LiveData analysis : LiveData is an observable data holder that is lifecycle‑aware, updating only active observers and preventing crashes during configuration changes.

@MainThread
public void observe(@NonNull LifecycleOwner owner, @NonNull Observer<? super T> observer) {
...
LifecycleBoundObserver wrapper = new LifecycleBoundObserver(owner, observer);
ObserverWrapper existing = mObservers.putIfAbsent(observer, wrapper);
...
owner.getLifecycle().addObserver(wrapper);
}

Advantages of LiveData include eliminating boiler‑plate lifecycle code, delivering the latest data after a pause, avoiding crashes when the UI is stopped, and automatically clearing observers to prevent memory leaks.

ViewModel introduction : ViewModel stores UI‑related data across configuration changes, ensuring data survives screen rotations.

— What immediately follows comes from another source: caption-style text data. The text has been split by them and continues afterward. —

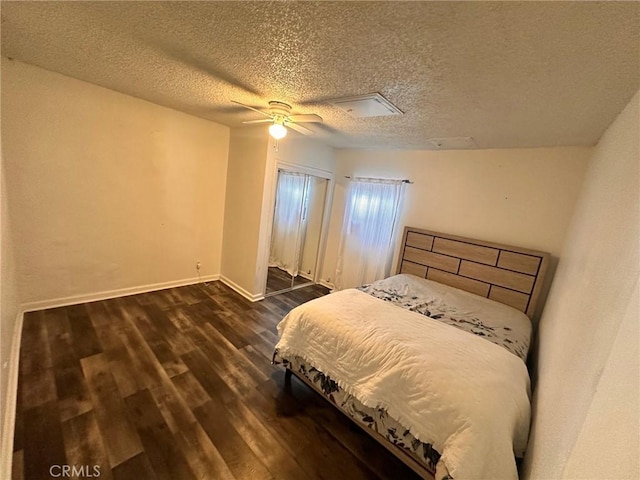 3208 W 74th St, Los Angeles, CA 90043 - bedroom with dark wood-style floors, ceiling fan, and a textured ceiling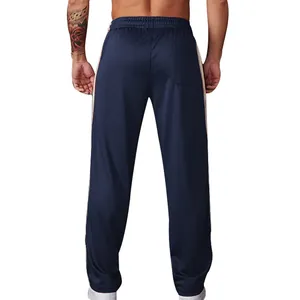 Detailed back view of men's navy blue sports pants featuring side stripes and loose fit.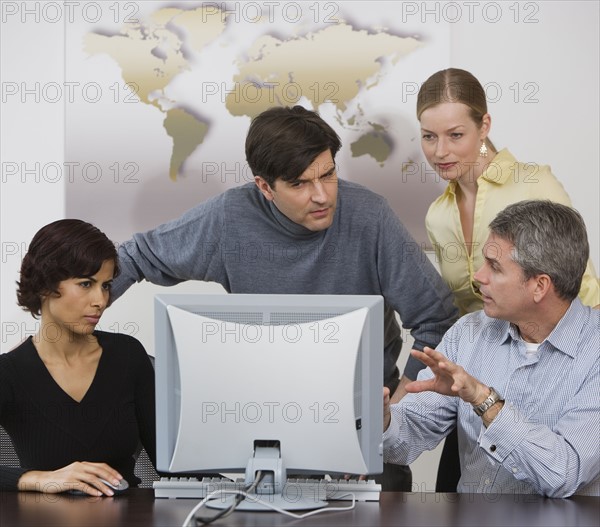 Group of businesspeople looking at computer.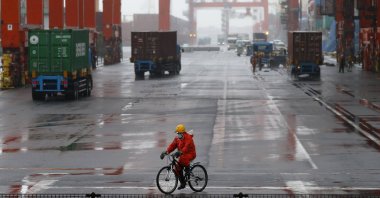 A worker rides a bicycle in a container area at a port in Tokyo, Japan, May 21, 2014. (Reuters Photo)
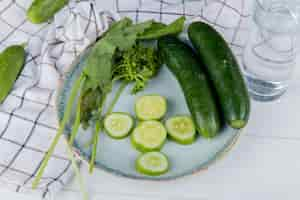 Free photo side view of vegetables as whole and sliced cucumber spinach coriander with cucumbers on cloth and detox water on wooden table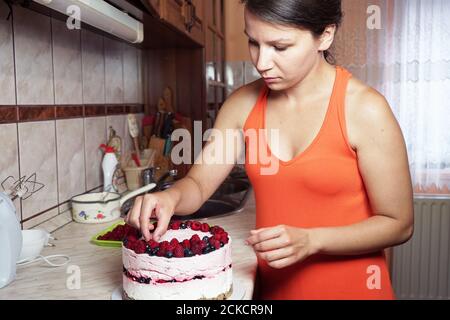 Young woman decorates a cake in the kitchen Stock Photo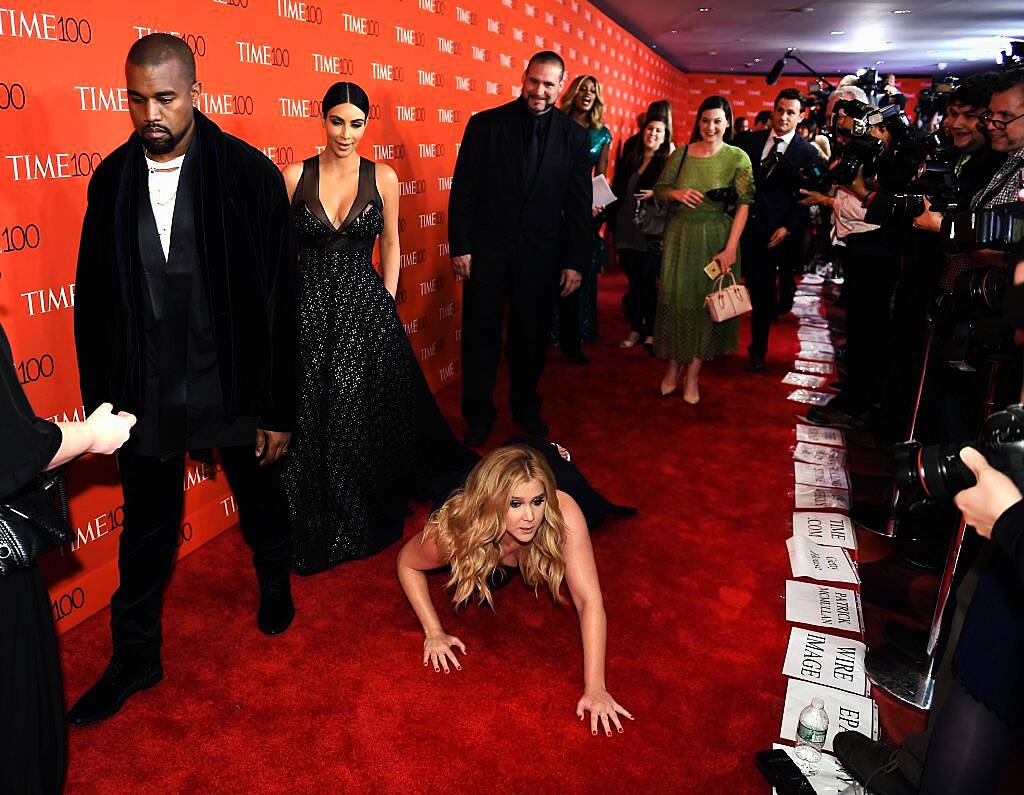 Amy Schumer pretended to fall in front Kim and Kanye at the Time 100 Gala in 2015 because no one knew who she was and she was tired of people looking over her shoulder. (Photo by Timothy A Clary/AFP/Getty Images)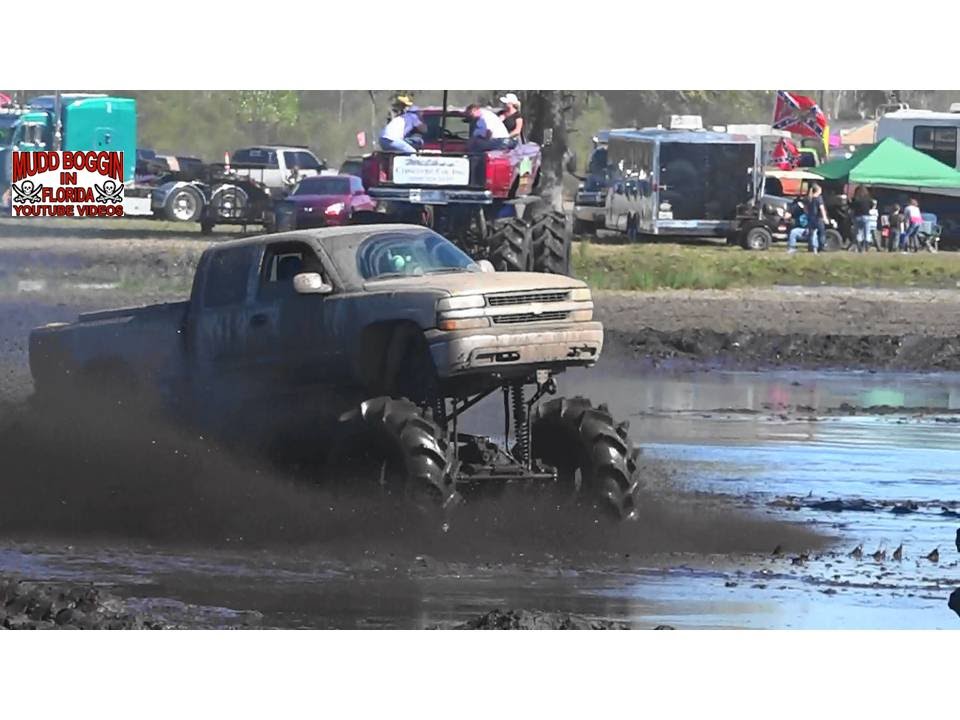 trucks in mud holes GMC Mega Truck...All out Septic..Kickin Mud @ IHMR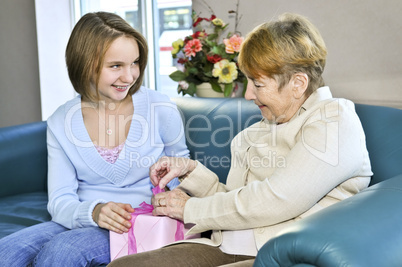 Granddaughter visiting grandmother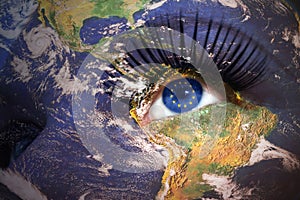 Woman`s face with planet Earth texture and european union flag i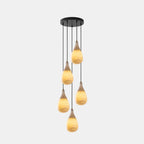 Five small lit alabaster drops hang at different heights from one round black canopy on this Clérachic cluster pendant.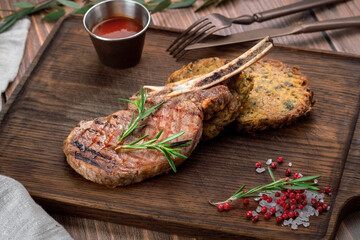 Grilled pork steak on a bone with potato patties served on a wooden cutting board with pepper and salt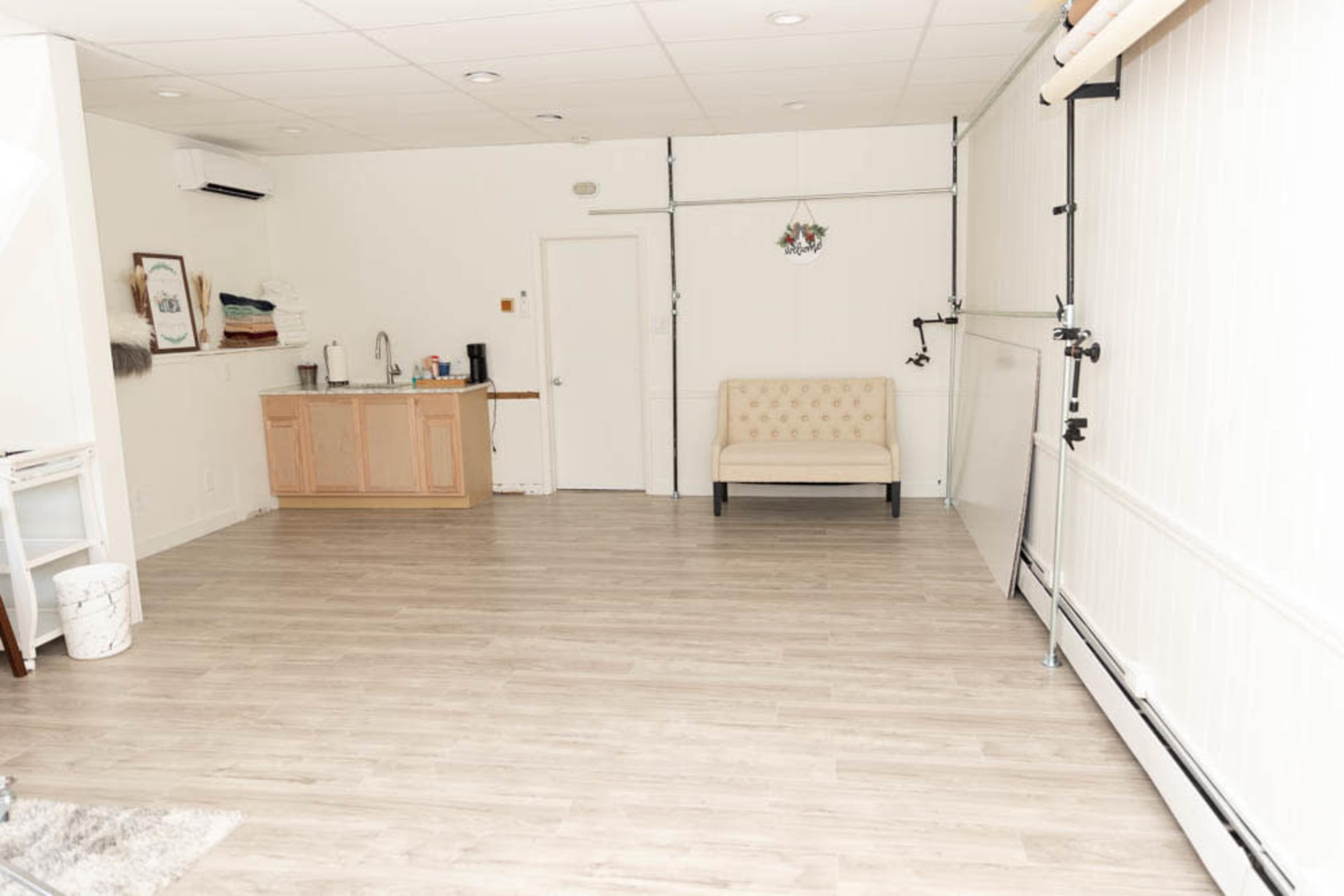 A spacious room with light wood flooring, a kitchenette in the back, a decorative couch, and a wardrobe rack along one wall.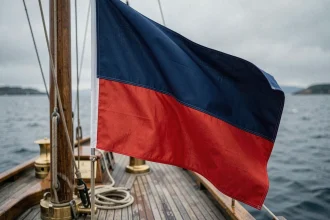 Drapeau bleu et rouge flottant sur un voilier en bois au bord de la mer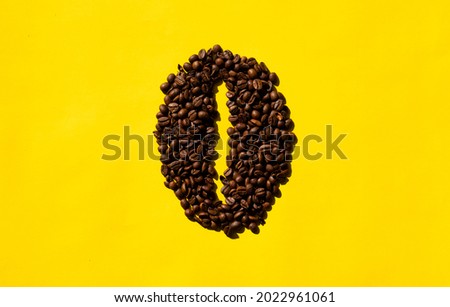Top view of coffee beans in bean shape with yellow background.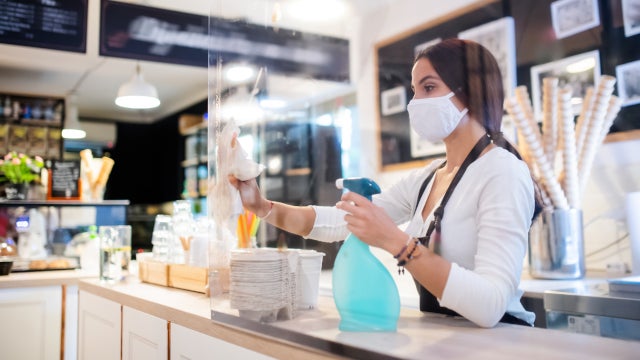 Photo of a young woman with a face mask working in a cafe, wiping down a plastic barrier.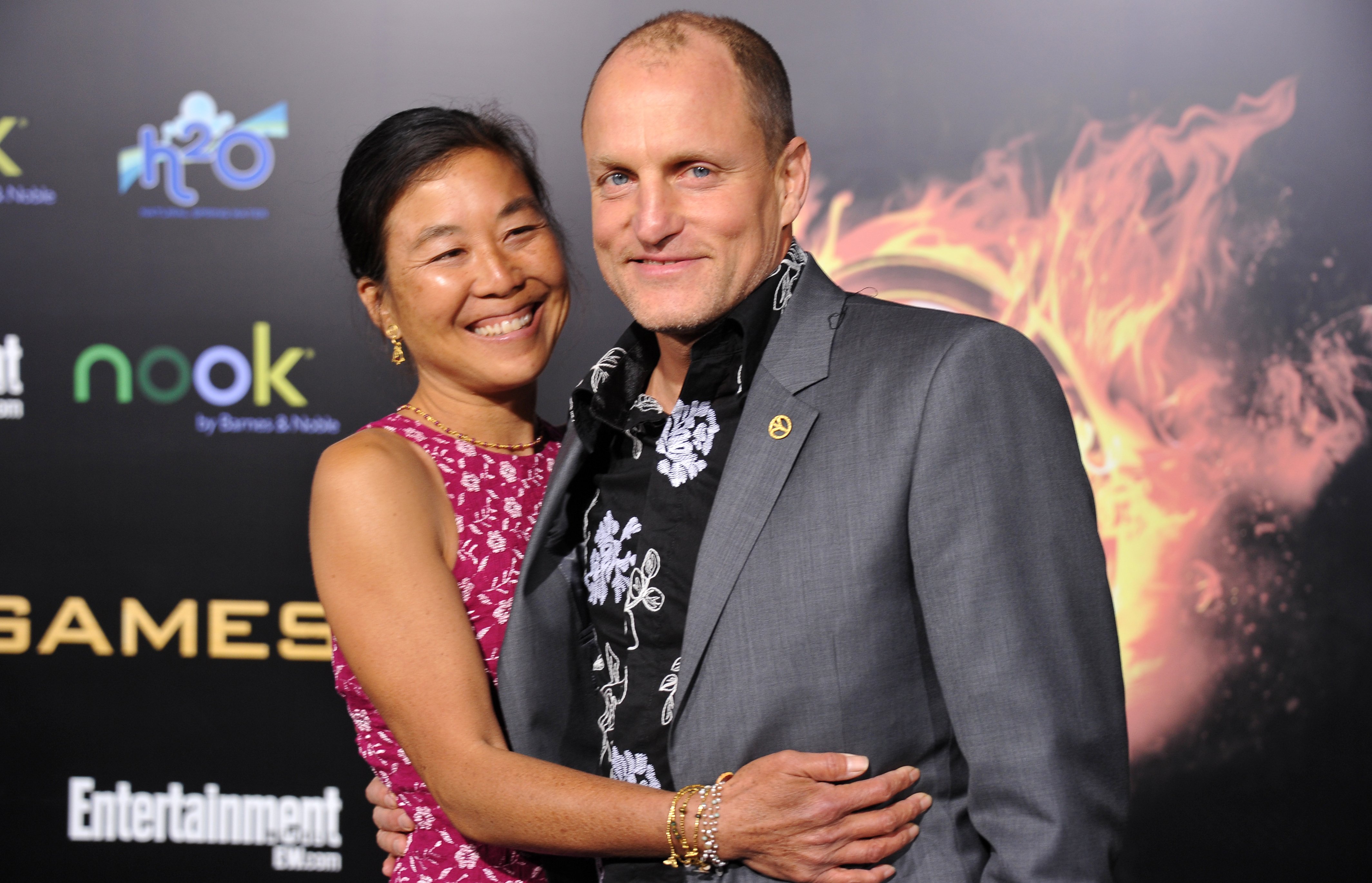 Woody Harrelson and Laura Louie at the premiere of "The Hunger Games" in 2012 in Los Angeles, California. | Source: Getty Images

public final Object onRetainNonConfigurationInstance() {
...
ViewModelStore viewModelStore = mViewModelStore;
...
NonConfigurationInstances nci = new NonConfigurationInstances();
nci.viewModelStore = viewModelStore;
return nci;
}

public ViewModelStore getViewModelStore() {
...
if (mViewModelStore == null) {
NonConfigurationInstances nc = (NonConfigurationInstances) getLastNonConfigurationInstance();
if (nc != null) {
mViewModelStore = nc.viewModelStore;
}
if (mViewModelStore == null) {
mViewModelStore = new ViewModelStore();
}
}
return mViewModelStore;
}

public ComponentActivity() {
...
getLifecycle().addObserver(new LifecycleEventObserver() {
@Override
public void onStateChanged(@NonNull LifecycleOwner source, @NonNull Lifecycle.Event event) {
if (event == Lifecycle.Event.ON_DESTROY) {
if (!isChangingConfigurations()) {
getViewModelStore().clear();
}
}
}
});
...
}

In the project, each base case defines its own LiveData and exposes proxy methods for external updates. All LiveData are aggregated in a shared ViewModel, while a ViewHelper acts as an intermediate layer to route data between base cases and the Activity/Fragment, avoiding the latter becoming a controller.

Limitations of LiveData include its sticky‑event nature (only the latest value is delivered after a pause) and the need to prevent duplicate handling across multiple observers. Solutions involve event‑wrapper classes or reflective tweaks to the last version, and custom wrappers that add flags to control propagation.

Testing : After partitioning, each view can run independently, enabling fast verification and simple self‑testing during development.

Conclusion : By understanding the business context and code structure, the team decomposes a complex payment flow into isolated components, applies MVP + Clean Architecture, and leverages Jetpack’s lifecycle‑aware components to achieve clearer code, easier maintenance, and quicker validation.